> _About this exercise_
Starting from the line with "Garibanın Yüzü Gülür" and going up to and including the line with "Wrap Cuecas Confortáveis", copy the listing below exactly. Leave all images out.

> _Dataset records_
-.-.-

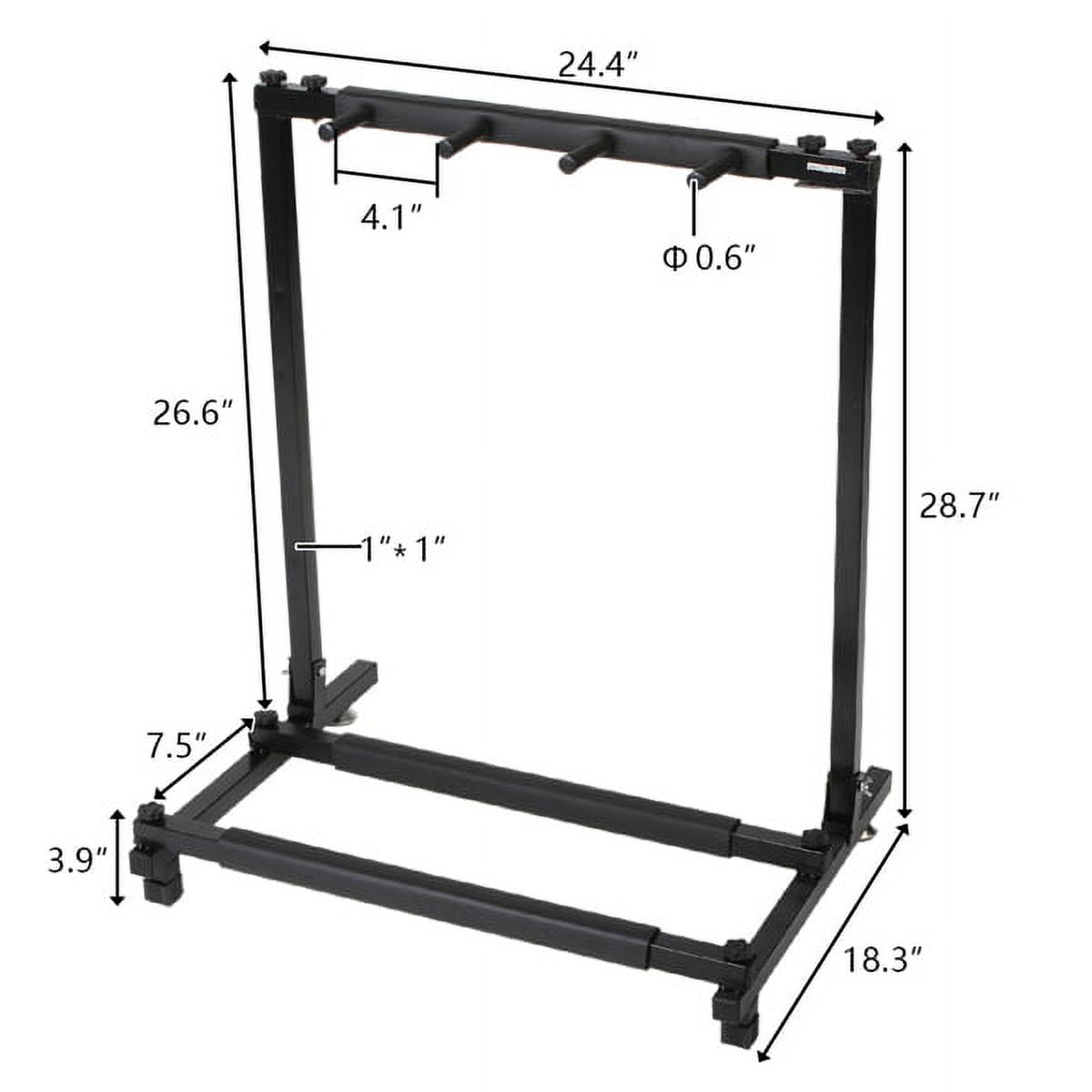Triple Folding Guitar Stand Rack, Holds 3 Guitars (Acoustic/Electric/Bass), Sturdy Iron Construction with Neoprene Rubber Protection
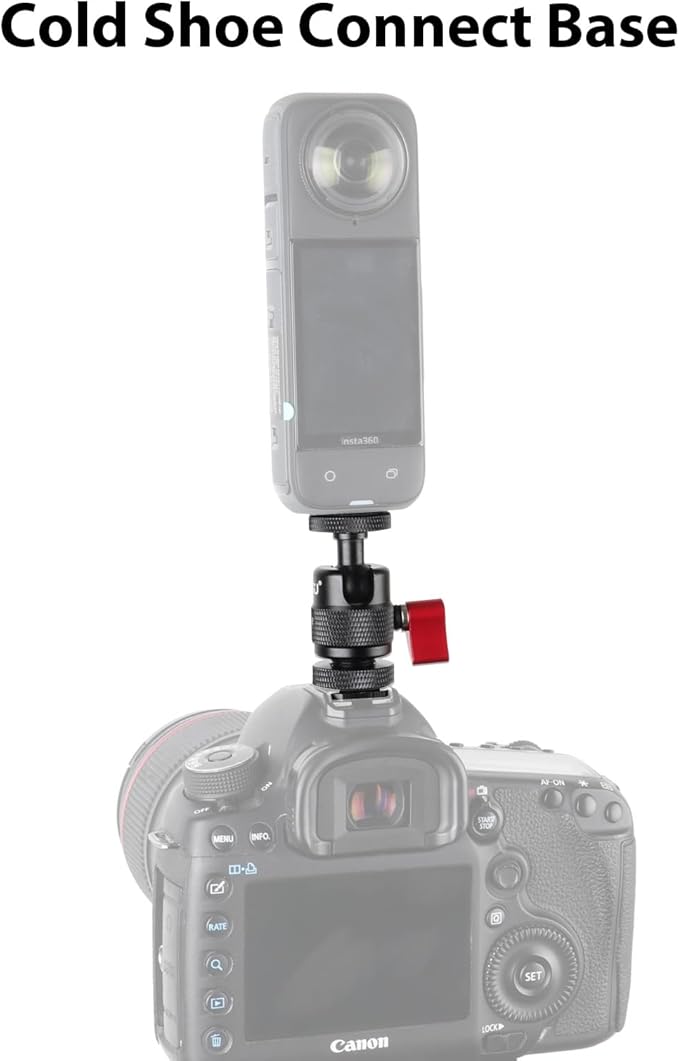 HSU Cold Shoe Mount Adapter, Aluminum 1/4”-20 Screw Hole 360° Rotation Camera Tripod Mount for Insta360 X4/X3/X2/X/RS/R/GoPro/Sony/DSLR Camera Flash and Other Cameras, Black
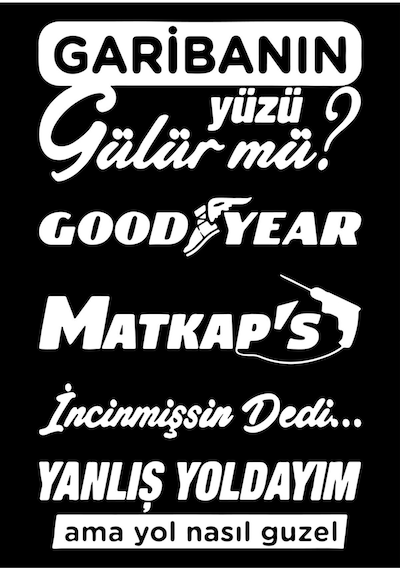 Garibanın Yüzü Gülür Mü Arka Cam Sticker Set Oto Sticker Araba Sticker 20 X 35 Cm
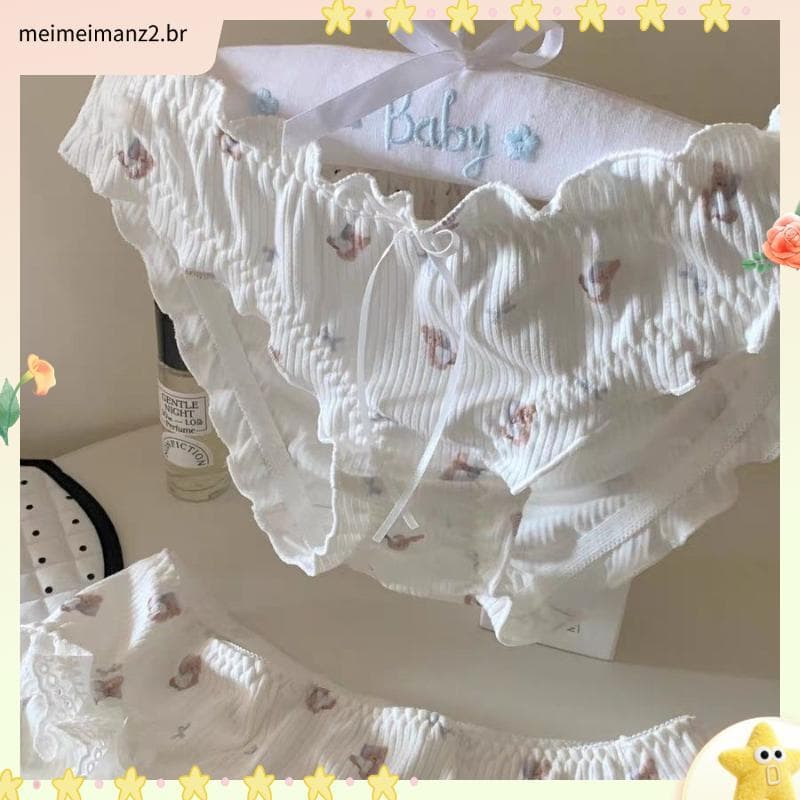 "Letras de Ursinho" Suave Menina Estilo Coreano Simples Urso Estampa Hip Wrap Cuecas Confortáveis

-.-.-

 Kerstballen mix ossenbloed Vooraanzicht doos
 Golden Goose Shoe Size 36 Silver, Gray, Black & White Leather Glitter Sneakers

-.-.-

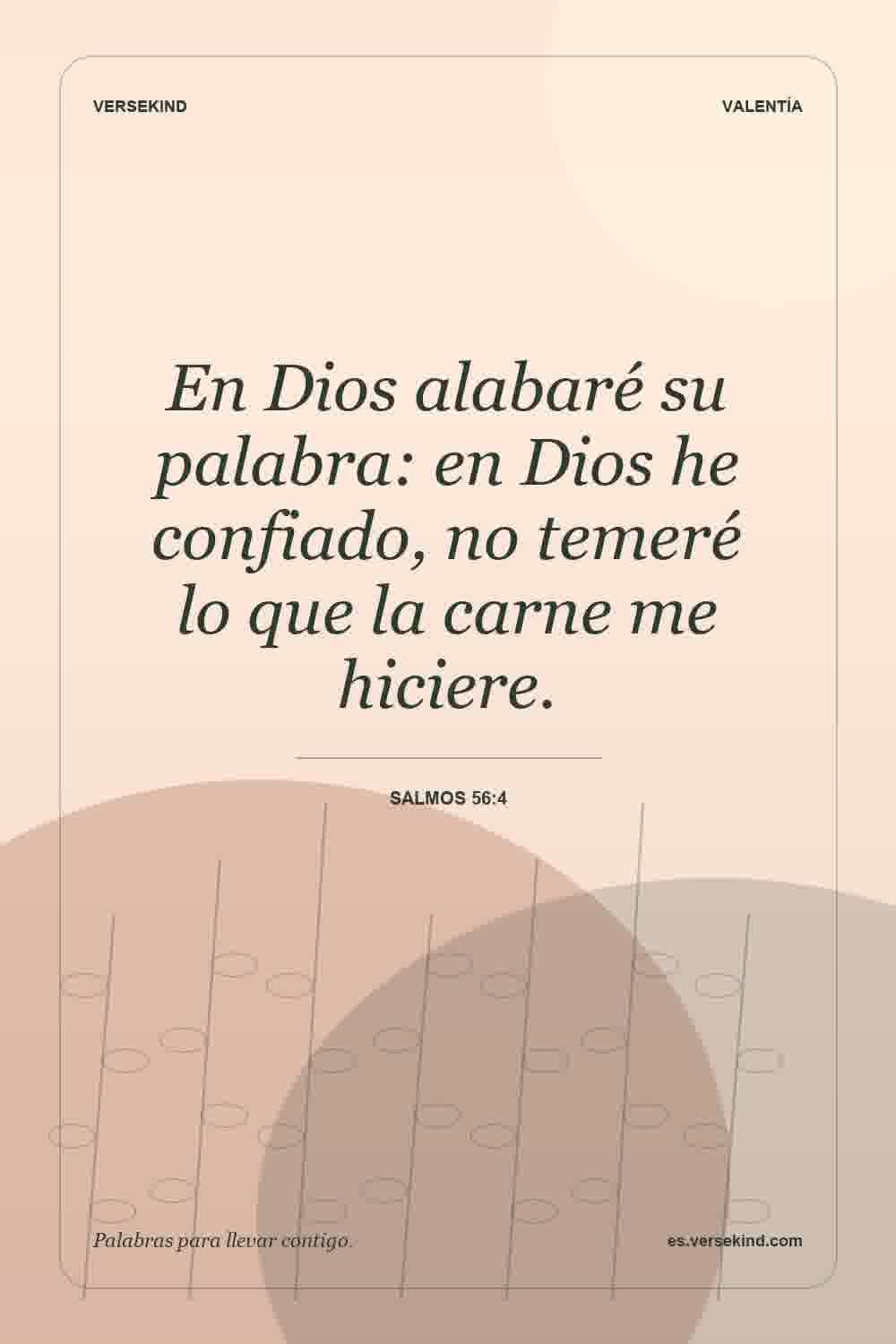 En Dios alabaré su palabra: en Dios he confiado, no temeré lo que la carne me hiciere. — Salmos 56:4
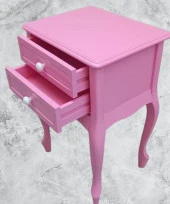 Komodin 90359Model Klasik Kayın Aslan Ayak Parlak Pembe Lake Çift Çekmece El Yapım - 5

-.-.-

> _Exercise response_
 Garibanın Yüzü Gülür Mü Arka Cam Sticker Set Oto Sticker Araba Sticker 20 X 35 Cm
 "Letras de Ursinho" Suave Menina Estilo Coreano Simples Urso Estampa Hip Wrap Cuecas Confortáveis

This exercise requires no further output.